We hate you guys
The elephant in the room is how the U.S. and the rest of the world pay for all this fiscal stimulus. The most obvious path is to print money. Despite China’s enormous reserves, China can’t hold up the world but is getting increasingly frustrated with it:
Even at the elite level, the sense of frustration occasionally bubbles over. "We hate you guys," Luo Ping, a director-general at the China Banking Regulatory Commission (CBRC), complained last week on a visit to New York. "Once you start issuing $1-$2 trillion . . . we know the dollar is going to depreciate, so we hate you guys, but there is nothing much we can do."

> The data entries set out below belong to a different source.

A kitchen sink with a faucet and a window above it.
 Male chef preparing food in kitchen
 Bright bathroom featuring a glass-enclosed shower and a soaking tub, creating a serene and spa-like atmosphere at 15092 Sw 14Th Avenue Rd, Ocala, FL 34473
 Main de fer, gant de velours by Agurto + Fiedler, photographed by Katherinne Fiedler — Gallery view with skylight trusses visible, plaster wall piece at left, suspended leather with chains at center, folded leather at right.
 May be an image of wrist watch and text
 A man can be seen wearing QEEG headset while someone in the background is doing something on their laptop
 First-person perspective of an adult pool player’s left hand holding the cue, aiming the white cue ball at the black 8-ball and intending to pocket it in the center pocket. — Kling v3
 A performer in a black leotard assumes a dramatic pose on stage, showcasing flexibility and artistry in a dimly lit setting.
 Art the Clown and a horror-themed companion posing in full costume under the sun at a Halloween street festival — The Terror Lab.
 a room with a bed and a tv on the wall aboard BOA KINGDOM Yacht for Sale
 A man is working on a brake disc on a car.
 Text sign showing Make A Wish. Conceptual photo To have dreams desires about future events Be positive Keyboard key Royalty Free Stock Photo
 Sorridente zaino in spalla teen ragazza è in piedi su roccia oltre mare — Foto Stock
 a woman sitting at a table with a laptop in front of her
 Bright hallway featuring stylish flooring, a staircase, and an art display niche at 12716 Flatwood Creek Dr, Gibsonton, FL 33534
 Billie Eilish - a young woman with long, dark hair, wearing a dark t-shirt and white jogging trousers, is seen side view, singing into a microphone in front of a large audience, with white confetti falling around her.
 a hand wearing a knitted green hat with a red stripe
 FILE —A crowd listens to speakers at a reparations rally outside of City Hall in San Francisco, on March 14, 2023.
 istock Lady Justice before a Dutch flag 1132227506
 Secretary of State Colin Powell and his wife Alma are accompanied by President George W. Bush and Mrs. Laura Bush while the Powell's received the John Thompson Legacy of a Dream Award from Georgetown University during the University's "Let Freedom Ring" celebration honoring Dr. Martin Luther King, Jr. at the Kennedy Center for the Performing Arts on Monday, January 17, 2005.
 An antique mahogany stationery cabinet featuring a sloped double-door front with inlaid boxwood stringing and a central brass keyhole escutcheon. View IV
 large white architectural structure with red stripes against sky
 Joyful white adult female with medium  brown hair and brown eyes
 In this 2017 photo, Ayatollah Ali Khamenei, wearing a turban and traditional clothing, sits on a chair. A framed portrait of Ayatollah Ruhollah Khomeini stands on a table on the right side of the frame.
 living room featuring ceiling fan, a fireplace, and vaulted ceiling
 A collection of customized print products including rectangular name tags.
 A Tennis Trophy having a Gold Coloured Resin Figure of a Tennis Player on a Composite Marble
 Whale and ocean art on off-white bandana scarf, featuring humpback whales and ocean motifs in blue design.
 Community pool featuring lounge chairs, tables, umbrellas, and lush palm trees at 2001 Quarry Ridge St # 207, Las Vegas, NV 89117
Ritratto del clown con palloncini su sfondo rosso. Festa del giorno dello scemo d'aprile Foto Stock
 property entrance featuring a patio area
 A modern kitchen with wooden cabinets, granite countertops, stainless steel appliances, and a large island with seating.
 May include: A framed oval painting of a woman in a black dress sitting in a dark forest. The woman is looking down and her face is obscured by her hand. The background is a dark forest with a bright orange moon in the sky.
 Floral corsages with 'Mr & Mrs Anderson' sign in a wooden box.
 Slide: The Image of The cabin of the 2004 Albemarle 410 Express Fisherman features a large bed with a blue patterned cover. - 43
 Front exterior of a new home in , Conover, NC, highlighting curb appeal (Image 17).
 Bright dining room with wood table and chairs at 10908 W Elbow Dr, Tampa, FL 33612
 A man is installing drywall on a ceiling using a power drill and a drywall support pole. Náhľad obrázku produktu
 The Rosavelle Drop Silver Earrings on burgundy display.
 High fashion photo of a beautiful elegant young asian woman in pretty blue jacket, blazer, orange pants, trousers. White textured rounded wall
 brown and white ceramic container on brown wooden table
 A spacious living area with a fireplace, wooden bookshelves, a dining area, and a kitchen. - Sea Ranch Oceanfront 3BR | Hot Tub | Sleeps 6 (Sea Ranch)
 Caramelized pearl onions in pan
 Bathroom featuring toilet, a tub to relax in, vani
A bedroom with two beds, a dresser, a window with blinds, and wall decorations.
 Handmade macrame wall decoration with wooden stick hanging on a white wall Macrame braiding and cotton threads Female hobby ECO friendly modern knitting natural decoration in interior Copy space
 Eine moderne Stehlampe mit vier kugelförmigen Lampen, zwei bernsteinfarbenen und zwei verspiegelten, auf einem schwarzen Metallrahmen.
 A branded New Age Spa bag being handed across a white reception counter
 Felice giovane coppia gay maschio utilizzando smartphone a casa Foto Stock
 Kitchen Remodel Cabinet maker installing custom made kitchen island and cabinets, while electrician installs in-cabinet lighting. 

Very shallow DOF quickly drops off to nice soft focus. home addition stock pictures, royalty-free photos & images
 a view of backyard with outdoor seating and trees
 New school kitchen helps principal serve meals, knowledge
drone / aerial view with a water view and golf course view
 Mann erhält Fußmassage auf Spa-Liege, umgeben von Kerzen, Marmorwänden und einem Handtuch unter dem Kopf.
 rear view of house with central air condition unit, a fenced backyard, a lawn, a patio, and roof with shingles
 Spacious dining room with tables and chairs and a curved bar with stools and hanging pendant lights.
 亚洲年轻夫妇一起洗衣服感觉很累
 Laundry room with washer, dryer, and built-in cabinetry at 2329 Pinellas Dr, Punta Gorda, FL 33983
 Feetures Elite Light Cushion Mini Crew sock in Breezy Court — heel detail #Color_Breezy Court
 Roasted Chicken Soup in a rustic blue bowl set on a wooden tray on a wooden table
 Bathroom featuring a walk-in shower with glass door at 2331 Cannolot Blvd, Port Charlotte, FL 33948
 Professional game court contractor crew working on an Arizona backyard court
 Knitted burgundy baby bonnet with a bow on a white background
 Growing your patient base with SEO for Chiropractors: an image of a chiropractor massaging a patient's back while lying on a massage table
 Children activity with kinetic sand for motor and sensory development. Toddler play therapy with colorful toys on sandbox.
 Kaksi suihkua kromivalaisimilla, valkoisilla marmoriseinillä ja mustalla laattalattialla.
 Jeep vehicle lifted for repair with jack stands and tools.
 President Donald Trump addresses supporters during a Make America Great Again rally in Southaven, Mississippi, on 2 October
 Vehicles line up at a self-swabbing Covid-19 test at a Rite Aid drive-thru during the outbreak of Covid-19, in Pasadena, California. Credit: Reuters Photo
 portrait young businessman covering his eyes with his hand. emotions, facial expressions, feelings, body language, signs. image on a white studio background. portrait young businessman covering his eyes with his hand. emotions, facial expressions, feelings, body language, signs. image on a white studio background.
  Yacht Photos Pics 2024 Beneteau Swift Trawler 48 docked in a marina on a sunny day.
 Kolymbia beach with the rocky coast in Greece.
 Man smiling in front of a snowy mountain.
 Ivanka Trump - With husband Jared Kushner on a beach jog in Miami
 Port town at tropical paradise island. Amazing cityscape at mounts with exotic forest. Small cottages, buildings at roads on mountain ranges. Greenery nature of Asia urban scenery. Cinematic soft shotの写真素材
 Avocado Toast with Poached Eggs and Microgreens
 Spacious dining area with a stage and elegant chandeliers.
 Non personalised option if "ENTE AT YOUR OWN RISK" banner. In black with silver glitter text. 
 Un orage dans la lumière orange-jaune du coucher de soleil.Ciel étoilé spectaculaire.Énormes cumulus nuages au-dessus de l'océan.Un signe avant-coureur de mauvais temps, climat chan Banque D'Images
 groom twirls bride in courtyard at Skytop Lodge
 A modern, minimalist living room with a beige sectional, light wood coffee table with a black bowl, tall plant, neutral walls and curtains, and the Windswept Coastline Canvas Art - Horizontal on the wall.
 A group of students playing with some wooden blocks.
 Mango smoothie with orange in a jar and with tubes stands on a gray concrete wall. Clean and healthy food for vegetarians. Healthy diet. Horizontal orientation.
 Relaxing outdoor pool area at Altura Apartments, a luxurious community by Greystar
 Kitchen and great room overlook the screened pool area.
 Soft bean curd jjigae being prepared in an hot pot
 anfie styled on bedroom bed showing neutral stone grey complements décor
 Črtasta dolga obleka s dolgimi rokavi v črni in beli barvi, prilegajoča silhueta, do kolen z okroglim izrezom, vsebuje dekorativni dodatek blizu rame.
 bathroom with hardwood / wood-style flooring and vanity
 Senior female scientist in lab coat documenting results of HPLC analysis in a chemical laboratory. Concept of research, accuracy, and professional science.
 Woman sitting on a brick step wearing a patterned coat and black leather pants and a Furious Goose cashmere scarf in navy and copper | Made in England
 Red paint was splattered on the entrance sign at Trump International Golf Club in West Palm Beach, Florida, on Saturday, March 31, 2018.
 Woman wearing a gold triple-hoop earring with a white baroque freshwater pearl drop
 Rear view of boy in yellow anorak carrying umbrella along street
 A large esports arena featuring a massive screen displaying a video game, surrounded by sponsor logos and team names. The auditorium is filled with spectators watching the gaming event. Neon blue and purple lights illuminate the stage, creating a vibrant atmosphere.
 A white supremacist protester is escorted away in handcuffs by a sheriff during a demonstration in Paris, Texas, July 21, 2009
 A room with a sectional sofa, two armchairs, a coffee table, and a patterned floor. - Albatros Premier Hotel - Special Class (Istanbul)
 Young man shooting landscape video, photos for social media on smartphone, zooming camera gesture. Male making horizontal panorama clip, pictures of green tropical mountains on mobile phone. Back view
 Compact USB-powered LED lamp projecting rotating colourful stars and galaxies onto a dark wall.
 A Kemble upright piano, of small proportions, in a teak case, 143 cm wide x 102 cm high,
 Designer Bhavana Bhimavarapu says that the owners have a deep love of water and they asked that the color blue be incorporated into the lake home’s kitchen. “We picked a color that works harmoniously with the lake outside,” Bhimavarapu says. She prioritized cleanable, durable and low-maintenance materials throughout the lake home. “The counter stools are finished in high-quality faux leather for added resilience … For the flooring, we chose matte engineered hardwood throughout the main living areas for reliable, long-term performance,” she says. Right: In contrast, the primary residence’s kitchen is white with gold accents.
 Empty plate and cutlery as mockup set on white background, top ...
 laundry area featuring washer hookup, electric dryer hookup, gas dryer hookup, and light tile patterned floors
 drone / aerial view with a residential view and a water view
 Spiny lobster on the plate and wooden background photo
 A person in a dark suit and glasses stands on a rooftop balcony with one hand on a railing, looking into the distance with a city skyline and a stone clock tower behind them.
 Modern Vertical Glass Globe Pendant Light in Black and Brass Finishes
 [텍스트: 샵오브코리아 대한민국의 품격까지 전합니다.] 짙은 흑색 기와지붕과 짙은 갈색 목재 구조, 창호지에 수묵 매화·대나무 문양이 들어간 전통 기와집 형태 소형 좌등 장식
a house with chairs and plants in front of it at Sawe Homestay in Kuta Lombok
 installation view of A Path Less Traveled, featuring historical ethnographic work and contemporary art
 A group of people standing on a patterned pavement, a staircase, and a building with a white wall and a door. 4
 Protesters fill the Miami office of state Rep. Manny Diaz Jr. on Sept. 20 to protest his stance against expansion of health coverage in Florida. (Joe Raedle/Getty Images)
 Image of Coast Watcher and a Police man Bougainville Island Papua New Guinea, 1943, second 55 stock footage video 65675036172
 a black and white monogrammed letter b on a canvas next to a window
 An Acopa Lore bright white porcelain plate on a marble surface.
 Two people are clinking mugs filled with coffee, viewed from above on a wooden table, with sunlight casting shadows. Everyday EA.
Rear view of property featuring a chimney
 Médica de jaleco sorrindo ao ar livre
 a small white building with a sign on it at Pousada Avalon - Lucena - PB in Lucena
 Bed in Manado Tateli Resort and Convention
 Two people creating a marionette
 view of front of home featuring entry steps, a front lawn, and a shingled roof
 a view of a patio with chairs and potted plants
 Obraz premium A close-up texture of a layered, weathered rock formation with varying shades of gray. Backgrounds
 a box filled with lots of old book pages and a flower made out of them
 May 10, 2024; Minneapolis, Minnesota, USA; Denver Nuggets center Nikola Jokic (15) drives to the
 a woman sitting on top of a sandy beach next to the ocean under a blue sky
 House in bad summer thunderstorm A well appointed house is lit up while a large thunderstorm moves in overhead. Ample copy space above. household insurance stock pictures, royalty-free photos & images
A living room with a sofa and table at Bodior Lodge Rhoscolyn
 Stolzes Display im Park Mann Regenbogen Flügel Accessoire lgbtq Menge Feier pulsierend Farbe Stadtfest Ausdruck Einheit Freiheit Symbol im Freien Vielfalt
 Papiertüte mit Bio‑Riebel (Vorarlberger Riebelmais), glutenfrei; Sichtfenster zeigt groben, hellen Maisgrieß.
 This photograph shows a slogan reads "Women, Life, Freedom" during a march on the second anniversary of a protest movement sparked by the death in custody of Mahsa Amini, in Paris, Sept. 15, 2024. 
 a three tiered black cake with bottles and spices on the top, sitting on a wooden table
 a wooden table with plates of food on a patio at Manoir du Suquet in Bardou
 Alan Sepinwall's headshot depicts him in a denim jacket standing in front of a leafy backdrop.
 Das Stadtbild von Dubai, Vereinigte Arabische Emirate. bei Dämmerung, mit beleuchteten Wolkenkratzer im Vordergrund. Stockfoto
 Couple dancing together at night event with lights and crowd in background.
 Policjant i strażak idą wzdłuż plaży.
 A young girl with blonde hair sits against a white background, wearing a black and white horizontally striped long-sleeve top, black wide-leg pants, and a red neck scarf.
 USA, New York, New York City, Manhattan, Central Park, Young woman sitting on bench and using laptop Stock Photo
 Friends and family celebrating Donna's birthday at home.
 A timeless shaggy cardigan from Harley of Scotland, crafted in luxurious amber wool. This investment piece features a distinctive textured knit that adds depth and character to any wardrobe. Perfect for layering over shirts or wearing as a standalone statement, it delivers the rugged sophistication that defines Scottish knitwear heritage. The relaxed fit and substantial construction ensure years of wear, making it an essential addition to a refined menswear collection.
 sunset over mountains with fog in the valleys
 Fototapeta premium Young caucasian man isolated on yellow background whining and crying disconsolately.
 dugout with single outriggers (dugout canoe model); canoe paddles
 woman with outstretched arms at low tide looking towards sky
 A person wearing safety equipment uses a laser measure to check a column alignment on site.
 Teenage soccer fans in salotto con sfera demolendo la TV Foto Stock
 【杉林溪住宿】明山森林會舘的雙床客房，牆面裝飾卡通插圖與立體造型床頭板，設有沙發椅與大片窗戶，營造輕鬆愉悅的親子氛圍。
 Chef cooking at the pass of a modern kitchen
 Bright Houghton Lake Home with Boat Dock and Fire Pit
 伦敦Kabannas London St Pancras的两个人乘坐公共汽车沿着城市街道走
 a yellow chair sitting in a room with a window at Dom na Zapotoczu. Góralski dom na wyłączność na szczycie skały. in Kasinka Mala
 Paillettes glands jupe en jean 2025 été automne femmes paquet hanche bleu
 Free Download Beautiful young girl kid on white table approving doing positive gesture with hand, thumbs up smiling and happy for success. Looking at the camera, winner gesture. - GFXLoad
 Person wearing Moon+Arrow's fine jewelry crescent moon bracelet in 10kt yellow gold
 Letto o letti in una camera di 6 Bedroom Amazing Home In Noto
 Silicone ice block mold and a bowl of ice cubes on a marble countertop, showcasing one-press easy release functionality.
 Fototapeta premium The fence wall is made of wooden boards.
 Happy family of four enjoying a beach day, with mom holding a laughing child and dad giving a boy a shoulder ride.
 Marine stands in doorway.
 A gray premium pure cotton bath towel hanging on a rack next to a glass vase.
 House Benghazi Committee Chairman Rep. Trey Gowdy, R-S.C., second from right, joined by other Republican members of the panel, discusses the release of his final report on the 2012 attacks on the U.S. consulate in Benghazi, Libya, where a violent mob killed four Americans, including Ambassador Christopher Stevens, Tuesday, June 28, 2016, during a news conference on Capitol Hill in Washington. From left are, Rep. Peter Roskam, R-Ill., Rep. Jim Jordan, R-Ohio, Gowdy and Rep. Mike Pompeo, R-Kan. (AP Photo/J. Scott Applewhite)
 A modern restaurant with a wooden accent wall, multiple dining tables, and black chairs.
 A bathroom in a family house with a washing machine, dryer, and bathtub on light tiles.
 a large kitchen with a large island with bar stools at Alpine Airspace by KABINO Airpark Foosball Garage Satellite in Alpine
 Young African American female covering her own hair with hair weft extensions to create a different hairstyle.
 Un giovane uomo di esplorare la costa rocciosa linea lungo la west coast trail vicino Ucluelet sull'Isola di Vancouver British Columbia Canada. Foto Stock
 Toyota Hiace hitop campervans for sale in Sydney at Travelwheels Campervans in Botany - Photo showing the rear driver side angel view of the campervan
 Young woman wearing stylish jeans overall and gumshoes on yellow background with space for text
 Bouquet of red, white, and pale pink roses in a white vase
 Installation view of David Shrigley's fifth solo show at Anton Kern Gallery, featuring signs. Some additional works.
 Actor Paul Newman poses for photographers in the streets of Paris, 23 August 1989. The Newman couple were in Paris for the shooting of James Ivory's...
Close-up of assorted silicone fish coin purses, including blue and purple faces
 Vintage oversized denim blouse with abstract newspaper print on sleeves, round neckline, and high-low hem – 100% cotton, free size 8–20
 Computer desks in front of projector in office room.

The path of least resistance seems to be resorting to the printing presses, but with Eastern Europe in trouble, the difficulties with the USD will not likely show up in the foreign exchange market, but the commodity market.
A look at the Continuous Commodity Index, which is the continuation of the old CRB Index before its re-balancing in 2005 to give greater weight to the more liquid energy complex, shows that commodities prices appear to be stabilizing as a whole. The Baltic Dry Index is also giving the same message of stabilization.
Despite the underperformance of the energy sector relative to other commodities, I indicated before that energy stocks aren’t giving up their relative leadership in the market, indicating that the sector may lead this market up in the next cycle.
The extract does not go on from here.